Australia play England at Wembley on Friday night but former national team coach Ange Postecoglou does not envisage football truly taking off in his home country like it dominates in the UK.

Postecoglou has enjoyed an excellent start at Tottenham and they are joint-leaders of the Premier League after eight matches going into this month's international break.

Optimism is rife at Spurs but their 58-year-old manager remains pessimistic about the state of football in Australia, despite his nation co-hosting a successful Women's World Cup this summer where the Matildas finished fourth.

Postecoglou spent four years in charge of the Socceroos and – despite achieving plenty – he has given up hope of the sport cracking life Down Under with subtle digs aimed at governing body Football Australia ahead of Friday's friendly clash in London.

Asked about his Asian Cup win on home soil in 2015, Postecoglou replied: "It didn't make an impact back there and that was kind of my frustration.

"I don't think that anything they can achieve… when you look at what the Matildas did at the World Cup, unbelievable but you still won't see an influx of resources to the game.
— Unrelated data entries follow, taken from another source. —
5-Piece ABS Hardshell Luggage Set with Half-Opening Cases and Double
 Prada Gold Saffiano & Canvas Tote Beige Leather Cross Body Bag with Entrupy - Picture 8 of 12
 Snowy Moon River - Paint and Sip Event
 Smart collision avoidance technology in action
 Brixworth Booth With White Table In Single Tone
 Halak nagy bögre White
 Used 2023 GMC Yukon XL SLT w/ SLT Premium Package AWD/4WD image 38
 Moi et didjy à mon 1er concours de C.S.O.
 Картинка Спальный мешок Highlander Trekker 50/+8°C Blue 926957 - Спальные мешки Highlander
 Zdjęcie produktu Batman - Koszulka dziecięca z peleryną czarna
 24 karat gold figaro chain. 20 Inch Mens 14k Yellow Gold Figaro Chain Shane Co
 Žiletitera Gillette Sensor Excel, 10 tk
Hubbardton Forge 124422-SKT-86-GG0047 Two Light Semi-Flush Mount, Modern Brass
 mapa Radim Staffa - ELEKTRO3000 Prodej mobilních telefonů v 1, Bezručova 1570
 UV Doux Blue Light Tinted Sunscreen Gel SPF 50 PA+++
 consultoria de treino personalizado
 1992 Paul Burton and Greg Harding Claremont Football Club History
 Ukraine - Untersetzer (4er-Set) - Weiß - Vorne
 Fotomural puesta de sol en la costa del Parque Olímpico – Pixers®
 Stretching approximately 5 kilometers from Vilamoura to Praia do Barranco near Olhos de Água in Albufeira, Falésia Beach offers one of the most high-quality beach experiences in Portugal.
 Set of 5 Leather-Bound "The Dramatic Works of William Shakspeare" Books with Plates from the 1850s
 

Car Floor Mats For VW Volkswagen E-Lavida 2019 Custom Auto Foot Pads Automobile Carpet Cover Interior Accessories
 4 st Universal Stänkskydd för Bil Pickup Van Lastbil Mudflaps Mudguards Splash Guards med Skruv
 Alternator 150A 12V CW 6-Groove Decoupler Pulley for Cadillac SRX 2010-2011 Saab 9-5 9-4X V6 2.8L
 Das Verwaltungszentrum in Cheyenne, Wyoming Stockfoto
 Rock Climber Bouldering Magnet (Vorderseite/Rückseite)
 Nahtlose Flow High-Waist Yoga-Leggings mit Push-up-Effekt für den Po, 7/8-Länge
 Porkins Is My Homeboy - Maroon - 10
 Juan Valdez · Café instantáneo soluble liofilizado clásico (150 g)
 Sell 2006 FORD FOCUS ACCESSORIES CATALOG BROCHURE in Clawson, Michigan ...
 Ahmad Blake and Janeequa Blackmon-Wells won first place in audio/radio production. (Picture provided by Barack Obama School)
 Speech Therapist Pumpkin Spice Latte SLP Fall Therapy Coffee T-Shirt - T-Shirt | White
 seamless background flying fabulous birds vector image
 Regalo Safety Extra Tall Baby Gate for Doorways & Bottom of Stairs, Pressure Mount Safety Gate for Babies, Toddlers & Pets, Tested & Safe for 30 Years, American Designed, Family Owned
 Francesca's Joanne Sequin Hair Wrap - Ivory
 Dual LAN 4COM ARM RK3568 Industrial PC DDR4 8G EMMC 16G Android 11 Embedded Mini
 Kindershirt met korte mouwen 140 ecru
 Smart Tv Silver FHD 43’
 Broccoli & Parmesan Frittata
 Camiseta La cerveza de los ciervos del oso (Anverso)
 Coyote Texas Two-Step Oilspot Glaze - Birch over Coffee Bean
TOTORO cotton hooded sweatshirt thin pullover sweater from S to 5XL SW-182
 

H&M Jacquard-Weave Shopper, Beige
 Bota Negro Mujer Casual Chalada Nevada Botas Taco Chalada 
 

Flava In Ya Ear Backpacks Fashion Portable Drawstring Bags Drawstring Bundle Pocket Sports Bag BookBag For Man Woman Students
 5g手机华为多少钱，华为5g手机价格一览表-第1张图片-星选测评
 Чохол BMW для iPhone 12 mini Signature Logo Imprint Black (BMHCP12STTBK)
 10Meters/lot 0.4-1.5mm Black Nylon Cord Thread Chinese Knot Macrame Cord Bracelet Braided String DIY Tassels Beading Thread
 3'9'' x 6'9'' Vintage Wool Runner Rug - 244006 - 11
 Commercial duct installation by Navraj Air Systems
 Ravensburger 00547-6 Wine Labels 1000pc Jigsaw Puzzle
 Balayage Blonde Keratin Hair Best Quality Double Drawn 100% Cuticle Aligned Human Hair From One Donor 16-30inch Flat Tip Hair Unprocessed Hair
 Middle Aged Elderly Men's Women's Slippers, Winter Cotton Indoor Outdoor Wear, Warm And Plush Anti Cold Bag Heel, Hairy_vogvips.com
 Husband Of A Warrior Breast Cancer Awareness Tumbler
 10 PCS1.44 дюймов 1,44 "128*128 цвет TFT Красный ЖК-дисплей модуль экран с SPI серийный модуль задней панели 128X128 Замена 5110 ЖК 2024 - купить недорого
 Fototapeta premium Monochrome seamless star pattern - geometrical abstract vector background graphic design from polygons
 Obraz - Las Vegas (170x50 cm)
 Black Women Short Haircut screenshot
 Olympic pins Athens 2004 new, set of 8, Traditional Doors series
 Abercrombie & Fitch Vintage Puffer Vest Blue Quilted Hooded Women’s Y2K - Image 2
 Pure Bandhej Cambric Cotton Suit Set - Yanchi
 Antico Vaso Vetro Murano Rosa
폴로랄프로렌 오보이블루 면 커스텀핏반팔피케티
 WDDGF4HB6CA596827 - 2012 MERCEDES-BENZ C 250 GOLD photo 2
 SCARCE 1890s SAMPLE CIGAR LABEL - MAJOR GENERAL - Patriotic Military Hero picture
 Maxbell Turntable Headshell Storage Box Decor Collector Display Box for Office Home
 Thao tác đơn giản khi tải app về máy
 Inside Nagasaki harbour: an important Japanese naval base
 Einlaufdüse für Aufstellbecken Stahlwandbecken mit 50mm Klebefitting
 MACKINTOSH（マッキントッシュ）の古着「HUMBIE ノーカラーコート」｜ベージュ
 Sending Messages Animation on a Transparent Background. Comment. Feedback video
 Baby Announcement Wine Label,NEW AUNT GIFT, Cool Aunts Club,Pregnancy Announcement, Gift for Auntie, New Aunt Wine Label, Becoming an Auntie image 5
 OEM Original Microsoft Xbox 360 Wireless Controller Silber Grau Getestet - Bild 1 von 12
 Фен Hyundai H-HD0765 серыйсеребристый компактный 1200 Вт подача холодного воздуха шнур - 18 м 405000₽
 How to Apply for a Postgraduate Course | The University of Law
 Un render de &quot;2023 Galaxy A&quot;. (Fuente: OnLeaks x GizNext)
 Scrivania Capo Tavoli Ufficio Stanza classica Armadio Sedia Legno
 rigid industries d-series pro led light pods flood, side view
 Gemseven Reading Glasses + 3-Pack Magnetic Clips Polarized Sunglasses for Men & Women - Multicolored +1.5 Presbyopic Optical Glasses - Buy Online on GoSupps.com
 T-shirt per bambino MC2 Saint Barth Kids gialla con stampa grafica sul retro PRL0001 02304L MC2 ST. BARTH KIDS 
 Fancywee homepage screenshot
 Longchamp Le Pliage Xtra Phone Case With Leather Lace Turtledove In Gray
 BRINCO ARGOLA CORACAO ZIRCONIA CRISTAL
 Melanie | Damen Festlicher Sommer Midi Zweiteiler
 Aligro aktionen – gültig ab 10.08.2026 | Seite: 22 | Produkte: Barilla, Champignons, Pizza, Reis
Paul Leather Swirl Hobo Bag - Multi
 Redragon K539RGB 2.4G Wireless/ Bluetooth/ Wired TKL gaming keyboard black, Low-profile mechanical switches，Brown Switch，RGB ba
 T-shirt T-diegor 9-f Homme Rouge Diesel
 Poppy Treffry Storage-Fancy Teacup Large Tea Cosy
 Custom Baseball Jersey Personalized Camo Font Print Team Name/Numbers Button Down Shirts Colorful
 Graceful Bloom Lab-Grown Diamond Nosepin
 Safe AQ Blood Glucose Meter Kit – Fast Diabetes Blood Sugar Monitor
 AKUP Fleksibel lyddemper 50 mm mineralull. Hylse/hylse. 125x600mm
You won't. I guarantee it.

"They'll build stadiums and other codes will use them. I just don't think the nation as a whole has that inside them to understand you can make an impact on the world of football but it requires a kind of nationalistic approach that I just don't think Australians – at their core – are really interested in.

"There's a couple of things. One of them is obviously the sporting landscape, where there's some pretty strong codes there that have generationally dominated the landscape.

"There's Aussie Rules, that's the indigenous sport of Australia. It's kind of unique to them and they take great pride in protecting as their code. The rugby codes dominate.

"It's very hard for football to make an impact in that space and I guess then the flipside of that is just how global the sport of football is.

"If I can compare that to a country like Japan, who also have the tyranny of distance and baseball's pretty strong, they plant a lot of resources into football and you can see that's making an impact. I don't see Australia down that road."

Japan was Postecoglou's next destination when he walked away from the Socceroos job after he helped his country qualify for the 2018 World Cup.

The ex-Yokohama boss had managed Australia at the 2014 edition, but his departure seven months out from the global showpiece was a surprise and at the time he described the job as "taking a toll" both personally and professionally.

Postecoglou has been involved in coaching since 1996 and while he has taken the Premier League by storm so far, he does not expect his time at Tottenham to change the landscape of football in Australia.

"I don't. I don't know and maybe that's just me, not being cynical, but I gave up that fight," he explained.

"It's a much easier space for me to live in because I was so frustrated for so long. It was my biggest frustration. One of my major drivers for doing what I did was to do that – to change football in Australia and that's the reason I left.

"I felt I hadn't made an impact at all. That's easier for me to deal with than to think maybe I still can now with what I'm doing. I just think I'd be disappointed, so I'd prefer to think it's not going to happen.

"I walked away from a World Cup. We qualified and I walked away. The reason I walked away was I just didn't enjoy what I was doing.

"It's not just doing the job and winning games of football, it's got to be a higher purpose. My higher purpose in Australia was to change the game. I just don't think that will happen.

"It was the right decision for me (to leave), it was the right decision for where I saw the next stage of my career and if I didn't make that decision at that time, if I had waited until after the World Cup, I've got no doubt I wouldn't be sitting here now."

Postecoglou replied no when asked if he would manage Australia again and laughed off talk of replacing England chief Gareth Southgate.

He added: "England? Oh, come on mate. They've got a fantastic manager and I'm eight games into a Tottenham career. That's how I think."